Il sorriso di Mustafa che ha illuminato venerdì l’aeroporto di Roma, il saluto continuo e gioioso a chiunque incrociasse lungo il tragitto dall’aereo all’uscita, porta alla mente quello spento definitivamente, dal 2011 al 2017, ai 32mila bambini che non ce l’hanno fatta, alle 18mila donne, ai 49mila uomini secondo i dati delle vittime identificate dall’Osservatorio per i diritti umani di Londra.
Ma una parte del mondo non sembra interessarsi di guerre, fame, esodi biblici di interi popoli perseguitati che scappano in cerca di una terra dove poter esistere e null’altro: altri numeri costituiscono la priorità di un sistema impietoso nei confronti di quella parte di mondo ma anche di questa, all’interno di Paesi del benessere, dove si generano disparità, disuguaglianze e nuove povertà che la pandemia ha aumentato a causa di scelte scellerate e politiche tappabuchi prive di qualsiasi prospettiva futura.

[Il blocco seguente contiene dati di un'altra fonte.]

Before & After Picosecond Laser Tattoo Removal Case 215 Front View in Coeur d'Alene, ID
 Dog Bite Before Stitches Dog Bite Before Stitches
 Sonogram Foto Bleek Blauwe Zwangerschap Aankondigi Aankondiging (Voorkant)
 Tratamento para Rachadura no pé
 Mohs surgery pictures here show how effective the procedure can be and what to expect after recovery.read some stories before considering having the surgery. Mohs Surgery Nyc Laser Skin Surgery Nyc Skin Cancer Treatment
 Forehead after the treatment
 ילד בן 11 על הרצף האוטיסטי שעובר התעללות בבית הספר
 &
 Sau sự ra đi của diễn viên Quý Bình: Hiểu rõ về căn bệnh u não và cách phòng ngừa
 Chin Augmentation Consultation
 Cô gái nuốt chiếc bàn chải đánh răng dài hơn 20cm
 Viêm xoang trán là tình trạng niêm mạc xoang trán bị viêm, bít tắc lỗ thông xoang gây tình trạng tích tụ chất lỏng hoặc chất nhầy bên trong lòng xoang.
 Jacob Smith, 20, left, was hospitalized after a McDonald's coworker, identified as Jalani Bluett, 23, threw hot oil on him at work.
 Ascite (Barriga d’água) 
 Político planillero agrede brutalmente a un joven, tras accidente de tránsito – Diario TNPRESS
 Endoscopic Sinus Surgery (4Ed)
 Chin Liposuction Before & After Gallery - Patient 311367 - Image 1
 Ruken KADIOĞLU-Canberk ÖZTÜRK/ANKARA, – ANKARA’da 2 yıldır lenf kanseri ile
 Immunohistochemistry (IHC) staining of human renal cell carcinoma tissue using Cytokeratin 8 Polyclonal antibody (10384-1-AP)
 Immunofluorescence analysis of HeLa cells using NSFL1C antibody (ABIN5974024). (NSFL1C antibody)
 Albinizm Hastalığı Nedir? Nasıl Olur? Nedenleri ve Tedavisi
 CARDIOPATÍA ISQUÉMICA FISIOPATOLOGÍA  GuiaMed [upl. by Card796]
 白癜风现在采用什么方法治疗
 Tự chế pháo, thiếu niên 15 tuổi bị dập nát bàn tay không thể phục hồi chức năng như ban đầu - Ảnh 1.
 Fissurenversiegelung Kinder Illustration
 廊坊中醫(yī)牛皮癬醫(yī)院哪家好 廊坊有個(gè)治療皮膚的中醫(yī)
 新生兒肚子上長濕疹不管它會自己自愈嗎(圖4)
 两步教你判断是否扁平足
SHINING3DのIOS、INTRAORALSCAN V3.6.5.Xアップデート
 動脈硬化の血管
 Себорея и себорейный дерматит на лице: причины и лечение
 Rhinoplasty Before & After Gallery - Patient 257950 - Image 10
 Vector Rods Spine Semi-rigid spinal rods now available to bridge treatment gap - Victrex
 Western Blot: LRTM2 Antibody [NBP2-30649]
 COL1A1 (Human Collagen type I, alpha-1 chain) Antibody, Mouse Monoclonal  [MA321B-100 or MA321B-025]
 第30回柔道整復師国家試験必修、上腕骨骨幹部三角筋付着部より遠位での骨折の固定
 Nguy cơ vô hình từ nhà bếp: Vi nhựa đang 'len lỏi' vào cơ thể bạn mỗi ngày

Le braccia aperte dell’accoglienza alla famiglia di Mustafa a opera di un’organizzazione umanitaria che opera nella solidarietà, gli aiuti concreti quotidiani a quanti italiani e stranieri necessitano di sostegno e le tante ONG che operano nel mondo sono la risposta all’incapacità dei governi di attuare politiche dell’immigrazione e accoglienze che rispettino la dignità delle persone, non relegandole in centri più simili a lager anziché a sistemazioni civili che dovrebbero essere di breve permanenza.
Quante lacrime, compreso quelle di chi scrive, guardando le immagini della famiglia siriana giunta in Italia e quanta intolleranza e insofferenza a ogni sbarco, a ogni visione di uomini, donne e bambini sulle nostre coste, nelle nostre città, nelle nostre scuole, sui luoghi di lavoro e in quelli di svago.
Commozione e intolleranza, lacrime e insofferenza, verità e ipocrisia, pronti ad accettare il peggio del peggio nelle nostre istituzioni: truffatori, bugiardi e pregiudicati, pronti a puntare il dito verso chiunque costituisca un elemento di diversità, certamente preferibile a quella di natura morale e penale dei soggetti della politica nostrana squallida e dei loro complici sostenitori.